Rosman, T., Bosnjak, M., Silber, H., Koßmann, J., & Heycke, T. (2022). Open science and public trust in science: Results from two studies. Public Understanding of Science, 31(8), 1046-1062. https://doi.org/10.1177/09636625221100686

Conflict of interest:
The recommender in charge of the evaluation of the article and the reviewers declared that they have no conflict of interest (as defined in the code of conduct of PCI) with the authors or with the content of the article. The authors declared that they comply with the PCI rule of having no financial conflicts of interest in relation to the content of the article.
Funding:
This work was partially funded by the Center of Advanced Systems Understanding (CASUS), which is financed by Germany's Federal Ministry of Education and Research (BMBF) and by the Saxon Ministry for Science, Culture and Tourism (SMWK) with tax funds on the basis of the budget approved by the Saxon State Parliament. C.H.F. and J.M.C. were supported by NSF IIBR 1915347.

Evaluation round #1

DOI or URL of the preprint: https://doi.org/10.32942/X2CG64

Version of the preprint: 4

Author's Reply, 08 Aug 2023

Decision by ORCID_LOGO, posted 24 Jul 2023, validated 24 Jul 2023

Thank you for your wonderful “How to” article! It is a useful and concise read that should be helpful for many researchers. Two reviewers who have expertise in code sharing and/or promoting open research practices have provided very positive feedback and some helpful ideas that you might find useful to incorporate. 

If you decide to incorporate the addition of co-authorship for code reviewers, as suggested by Reviewer 1, please also reference a guideline for authorship to ensure that researchers are aware of what the code reviewers would need to do to fully earn authorship. For example, according to the ICMJE guidelines (http://www.icmje.org/recommendations/browse/roles-and-responsibilities/defining-the-role-of-authors-and-contributors.html#two), authors need to have contributed to the development of the article AND the writing of the article. Therefore, a code reviewer could earn authorship if they review the code (contributing to the development of the article) AND they help with the editing of the article.

If you decide to incorporate the discussion around offering reviewers co-authorship, as suggested by Reviewer 1, please also provide ideas for how peer review processes can address the issue of it being very difficult to find enough reviewers in the first place. If the few people who accept reviews were to become co-authors because of their code reviewing work as part of the review process, then new reviewers would need to be recruited to be the reviewers of the article (because authors cannot review their own articles).

I have only a few minor comments:

- Line 109: perhaps change “and mistaking the column order” to “and producing a mistaken column order”

- Line 113: by “number” in “These errors are thought to scale with the number and complexity of code”, do you mean the number of lines? Or the number of code chunks? Or something else?

- Line 116: wow, I had no idea about identical() - what a useful tool!

- Figure 2: it’s nice that you suggest contacting the authors directly. This can save so much time in the peer review process and promotes collegial interactions

- Line 183: for some reason the URL https://github.com/pditommaso/awesome-pipeline is not working - the pdf seems to be cutting it off, which results in a 404 error

- Line 209: is Dryad free? I thought it cost money for authors to use it (which might be hidden by contracts Dryad has with publishers or universities)

- Figure 3: “Can my code be understood?” perhaps change to “Is my code understandable?”. I’m not sure what a style guide is - maybe it is in the resources you suggested for cleaning up code? Regardless, make it a bit more obvious what this piece is

- Line 276: this link is broken https://github.com/SORTEE/peer-277  code-review/issues/8

- Line 295: “not to get bogged down modifying or homogenising style” I would add “by” as in “bogged down by modifying”

- Line 338: “These benefits are substantial and could ultimately contribute to the adoption of code review during the publication process.” Adoption by whom?

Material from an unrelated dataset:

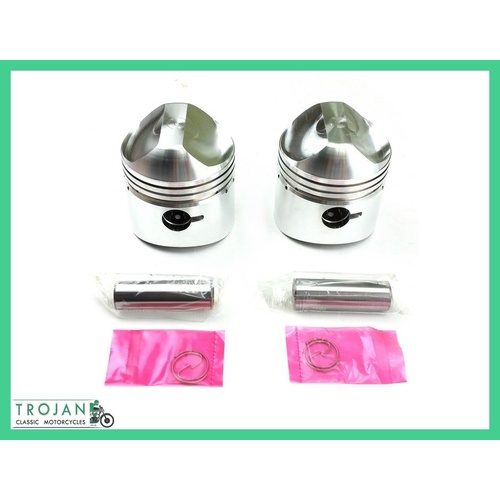 PISTON SET, TRIUMPH, 500, UNIT, 0.060, 68 ON, E6884 /60, 70-6884 /60, ENG0109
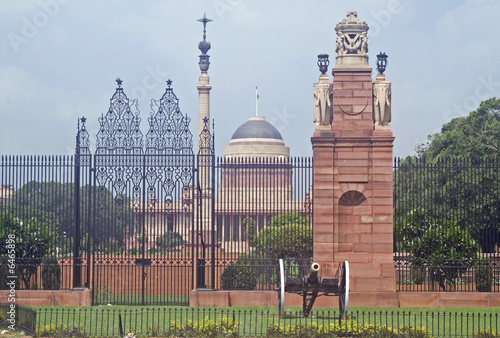 Home of the Indian President in New Delhi photo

Journals?

 

A couple of things I’ve learned from my own open workflows that you might find useful for the article (of course, don’t feel pressured to include these just because I mentioned them):

1) THE easiest way I find to make my code runable by anyone anywhere is when I upload the data sheet to GitHub and reference it in the R code so it will easily run from anyone’s computer (see an example of the code here: https://github.com/corinalogan/grackles/blob/6c8930fcd66105b580809ef761d63b9cff0cbd83/Files/Preregistrations/g_flexmanip.Rmd#L233)

2) Line 209: consider adding the following data repository to your list: Knowledge Network for Biocomplexity (https://knb.ecoinformatics.org/). It is free, University-owned, and for ecology data, as well as being easily searchable because their metadata requirements are extensive (thus removing the need for researchers to remember all of the metadata they should be adding).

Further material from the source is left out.